Aim of the task:
What is expected is a word-for-word copy of all the entries.

Data to process:
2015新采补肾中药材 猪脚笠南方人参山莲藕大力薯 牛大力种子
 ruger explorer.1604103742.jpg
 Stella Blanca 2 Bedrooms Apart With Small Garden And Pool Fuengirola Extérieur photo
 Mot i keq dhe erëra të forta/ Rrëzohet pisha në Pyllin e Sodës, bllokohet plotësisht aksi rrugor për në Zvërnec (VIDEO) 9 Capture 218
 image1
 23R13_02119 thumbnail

Result for this exercise:
2015新采补肾中药材 猪脚笠南方人参山莲藕大力薯 牛大力种子
 ruger explorer.1604103742.jpg
 Stella Blanca 2 Bedrooms Apart With Small Garden And Pool Fuengirola Extérieur photo
 Mot i keq dhe erëra të forta/ Rrëzohet pisha në Pyllin e Sodës, bllokohet plotësisht aksi rrugor për në Zvërnec (VIDEO) 9 Capture 218
 image1
 23R13_02119 thumbnail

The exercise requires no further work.